“The judge is saying ‘life’ like it ain’t someone’s life,” rapped Gene “Malice” Thornton on the 2006 Clipse classic “Hello New World.” It was indifference to the psychological consequences of imprisonment he was decrying — that and the American tendency to look for carceral solutions to social and political problems.
Nearly two decades later, not much has changed. We still lock up way more people per capita than any other rich nation, and we still tend to forget about them once they have been caged.
Not Kristen Evangelista and Tamar Montuma. These curators are determined to raise consciousness about the lives and experiences of prisoners, the harshness of protracted confinement, and the unequal application of justice by the system sworn to carry it out. The vehicle for this campaign is a quartet of prison-themed exhibitions at the Visual Arts Center of New Jersey in Summit that are unabashedly political in intention and execution.

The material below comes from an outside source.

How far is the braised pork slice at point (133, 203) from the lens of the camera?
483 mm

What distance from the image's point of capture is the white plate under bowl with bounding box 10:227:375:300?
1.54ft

Other curators are coy about the messages of the shows they hang. Evangelista and Montuma want to persuade gallery-goers to become advocates for the incarcerated.
“Something to Hold On To: Art in the Carceral System,” the biggest and most eloquent of the shows, collects work from seven painters, photographers and draftspeople all too familiar with the cold inside of a cellblock. It is unremittingly sad. Artists tend to be freedom-loving people, and much of the art we see in galleries and museums is an implicit celebration of open skies and wide landscapes. In “Something to Hold On To,” limits to the artists’ latitude of action are apparent in every frame. Most of these creative spirits have pushed past restlessness and boredom to something more fundamental and suffocating: a pervasive gloom that stretches past the depictions of their own experiences to intermingle with the darker currents of American history.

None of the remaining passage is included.